In late June Frank, Twan, and I lead a breeding bird survey training session on CAS' 155-acre Roy and Margot Larsen Wildlife Sanctuary adjacent to our Fairfield center located on 2325 Burr Street, Fairfield. Described here in the 2010 Connecticut State of the Birds report, there is a growing need for volunteers trained to systematically collect the information necessary to best protect our birds and their habitats. We wanted to impart the protocols, techniques, and tips for how to discover and categorize a species as a possible, probable, or confirmed breeder.
Our group started things off right. As we gathered in the parking lot, we had a fledgling Tufted Titmouse in the tree over our heads. It was fed by an adult who was taking seed from the CAS center's feeders. This was a quick breeding confirmation. Listening for begging calls or the voices of young is one of the easier ways to confirm a species as breeding. Fledgling Black-capped Chickadee sing or call with half the effort of an adult, putting out a scratchy and shortened version that can be identified from a far distance.
In the above photo, the group is watching and recording both House Wren and Tree Swallow going in and out of nest boxes carrying food. Nest boxes not only provide a safe home for the birds, but they can make monitoring breeding even easier, and provide many enjoyable moments. If you have never erected one in your yard, come to one of our centers to purchase some for next season. Our staff can help you decide on what breeding species your yard habitat could support.
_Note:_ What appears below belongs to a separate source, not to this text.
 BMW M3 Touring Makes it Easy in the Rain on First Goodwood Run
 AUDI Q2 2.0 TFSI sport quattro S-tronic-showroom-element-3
Below the group was listening to a Great Crested Flycatcher that we would soon see flying in and out of a nest cavity about 25 feet up in a tree. These can be difficult to locate. When I took the photo Twan was instructing the group that if you can find a male singing at a location more than a week apart the species would be classified as a probable breeder. This is particularly useful in dense forest where you may not be able to see or locate a nest. Ovenbird, a species we heard repeatedly during our walk, have an inconspicuous nest but an easy song to hear and identify that they sing frequently all spring and summer.
On the way out, we stopped at farm pond near the entrance to the 155-acre sanctuary. The turtle on the left is an eastern painted turtle. Twan explained to the group that the turtle on the right was a red-eared slider, an invasive species. They are often released as former pets. If you look closely, you can see the "red ear" that gives the species its name.
Releasing former pets into the wild is exceptionally damaging to the local ecosystem. We will have to trap and remove this turtle, placing it in captivity again.
Breeding bird survey work is sorely needed across the entire state, especially in Important Bird Areas or other bird sanctuaries. As you may have seen in previous entries, Twan and I have tried to conduct a breeding bird survey at every CAS property or sanctuary this summer. We are about 80% done. Even though we are experienced in the protocol, there is still simply not enough time among all our other work for us to complete it by ourselves, let alone monitor the IBAs or other vital habitat. Please consider volunteering in the future.